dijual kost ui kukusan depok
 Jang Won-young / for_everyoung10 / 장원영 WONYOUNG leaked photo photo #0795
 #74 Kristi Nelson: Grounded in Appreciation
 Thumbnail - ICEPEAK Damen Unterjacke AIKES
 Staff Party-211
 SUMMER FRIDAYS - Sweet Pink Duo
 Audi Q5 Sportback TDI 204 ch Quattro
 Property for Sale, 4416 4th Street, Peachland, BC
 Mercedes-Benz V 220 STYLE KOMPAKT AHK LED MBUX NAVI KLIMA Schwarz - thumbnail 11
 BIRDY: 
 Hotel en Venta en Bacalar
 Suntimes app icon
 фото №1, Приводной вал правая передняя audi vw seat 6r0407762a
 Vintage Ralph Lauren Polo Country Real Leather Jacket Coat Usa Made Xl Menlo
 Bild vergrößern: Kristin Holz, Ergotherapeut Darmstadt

→ **WHAT TO WORK ON**:
Write the whole listing out again, exactly as it appears above.

→ **ANSWER SECTION**:
dijual kost ui kukusan depok
 Jang Won-young / for_everyoung10 / 장원영 WONYOUNG leaked photo photo #0795
 #74 Kristi Nelson: Grounded in Appreciation
 Thumbnail - ICEPEAK Damen Unterjacke AIKES
 Staff Party-211
 SUMMER FRIDAYS - Sweet Pink Duo
 Audi Q5 Sportback TDI 204 ch Quattro
 Property for Sale, 4416 4th Street, Peachland, BC
 Mercedes-Benz V 220 STYLE KOMPAKT AHK LED MBUX NAVI KLIMA Schwarz - thumbnail 11
 BIRDY: 
 Hotel en Venta en Bacalar
 Suntimes app icon
 фото №1, Приводной вал правая передняя audi vw seat 6r0407762a
 Vintage Ralph Lauren Polo Country Real Leather Jacket Coat Usa Made Xl Menlo
 Bild vergrößern: Kristin Holz, Ergotherapeut Darmstadt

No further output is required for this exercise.